Se trataba de un espacio inmenso, de más de un millón de hectáreas, poco transitado e imposible de conocer completo, apenas con unos cuantos descampados que quedaron como huella del paso de quienes expoliaron sus maderas, tras unos años en que la vegetación original se había recuperado casi completamente, no como ahora, que se han abierto carreteras y pistas de aviación, que han crecido los núcleos urbanos, se ha disgregado el municipio de Ocosingo y creado Maravilla Tenejapa, Marques de Comillas y Zamora Pico de Oro; que los delincuentes de los cárteles se han apropiado de las rutas de tránsito y controlan la región al grado de obligar al Ejército Zapatista de Liberación Nacional a replegarse y cerrar sus Caracoles. En la selva se formó el EZLN, como antes lo hicieron otros grupos nacionales, con el Frente de Liberación Nacional, cuyos integrantes sostuvieron enfrentamientos con el ejército nacional en 1974 y tuvieron numerosas bajas, y guatemaltecos, como el Ejército Guerrillero de los Pobres (EGP), cuya historia relata Mario Payeras, uno de sus comandantes, en Los días de la selva  y en Los fusiles de octubre, entre otros libros.
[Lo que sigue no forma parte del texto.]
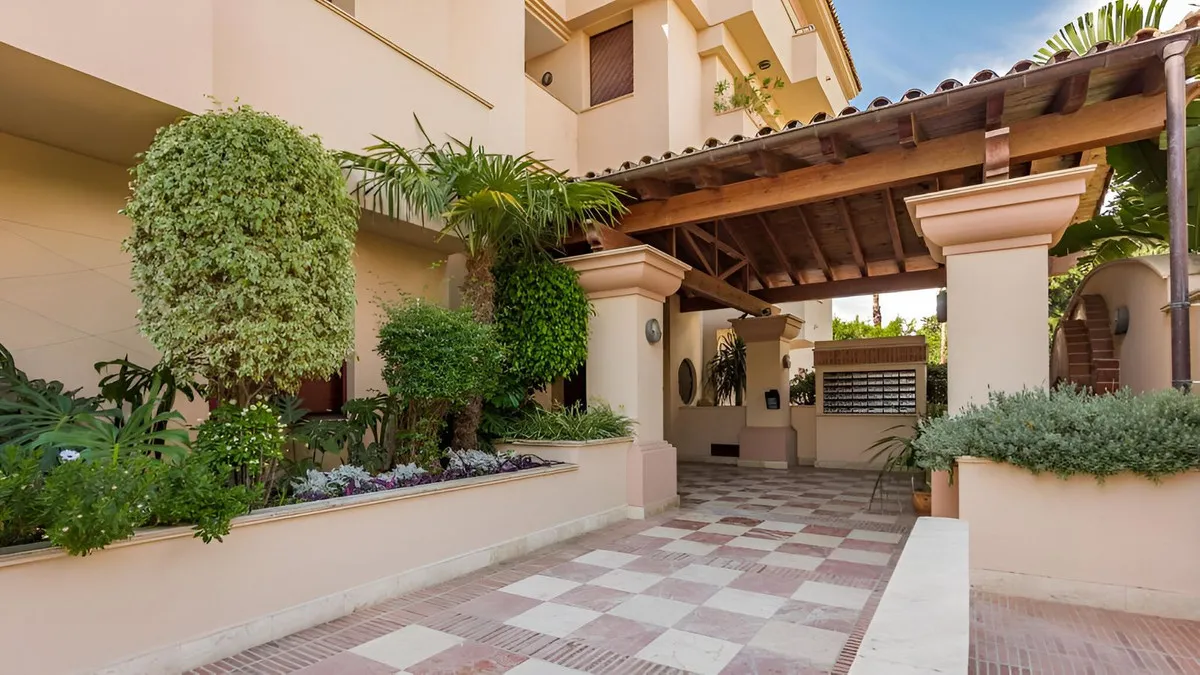 5c901777-8a29-4464-aad2-d6c325d9d739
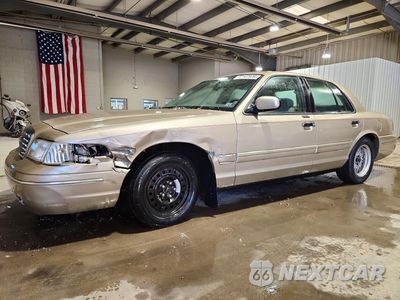 1999 FORD CROWN VICTORIA LX 2FAFP74W4XX236665 - główne zdjęcie licytacji z USA - miniatura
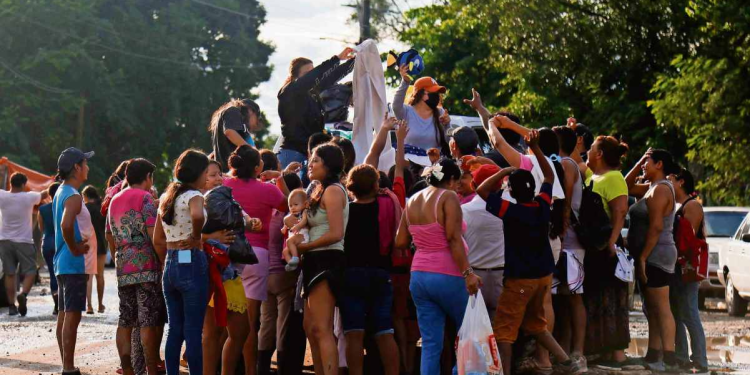Gobernadores envían apoyos a lluvias en México: solidaridad y ayuda efectiva para damnificados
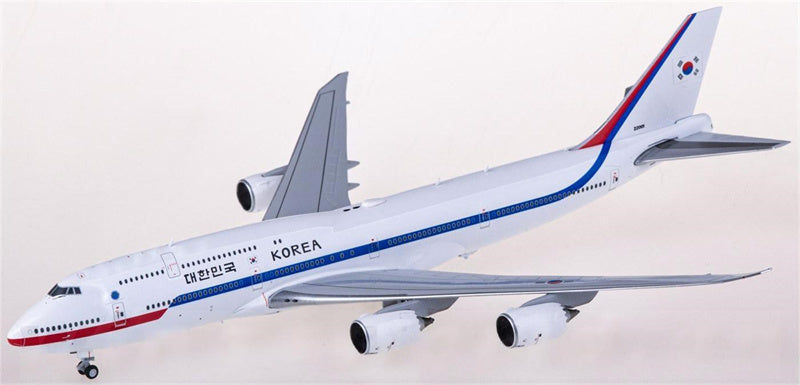 JC Wings ROKAF Boeing 747-8 HL7643 1:400 Diecast Model view 3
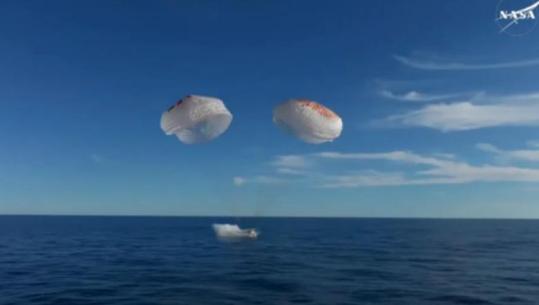 Përfundon me sukses evakuimi i parë mjekësor nga hapësira, 4 astronautët e NASA-s kthehen në tokë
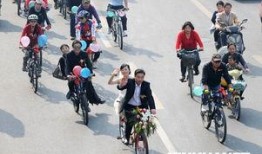 郑州自行车爆料事件视频,真相与争议交织的街头冲突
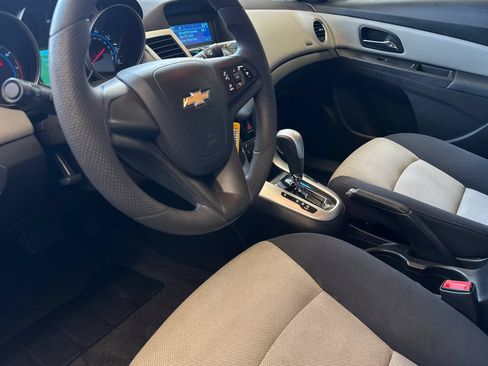 Used 2016 Chevrolet Cruze LS FWD image 10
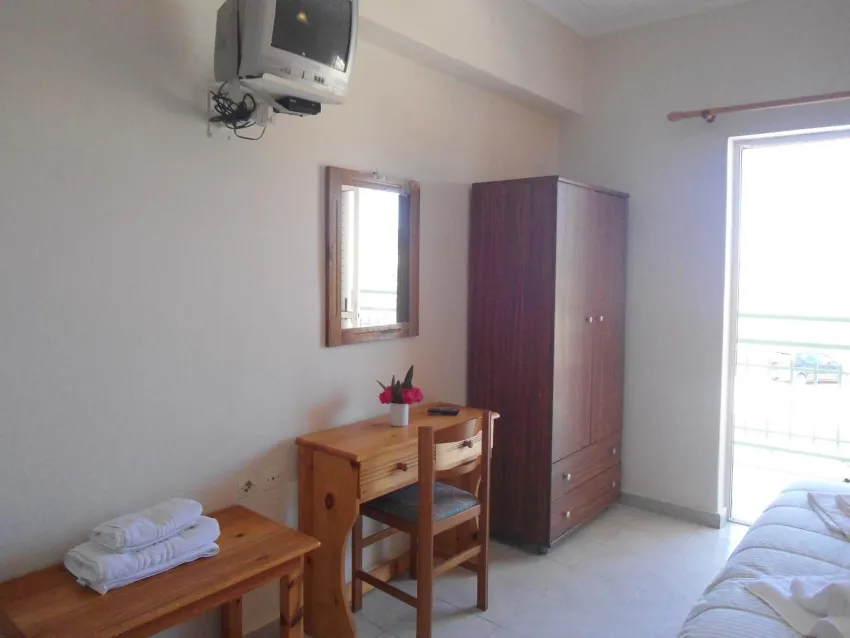 Dennis Studios Alykanas 2*-3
Otro guatemalteco, Marco Antonio Yon Sosa, militar disidente que siendo líder del Movimiento Revolucionario 13 de Noviembre (MR-13) entraba y salía de las FARC, quien al parecer fue capturado de manera accidental y muerto por el ejército mexicano en la Selva Lacandona en mayo de 1970 y está sepultado en el panteón municipal de Tuxtla Gutiérrez, a donde cada año era visitado en su tumba por el periodista Gervasio Grajales quien no falto hasta su propia  muerte.

Muchos mexicanos desconocen estos acontecimientos del pasado reciente, que explican los motivos y caminos de una guerra que nos cambió. Firmo este recuerdo desde una ladera de pobres, vecina a la Colonia Emiliano Zapata, dos de cuyas calles se llaman Genaro Vázquez y Lucio Cabañas.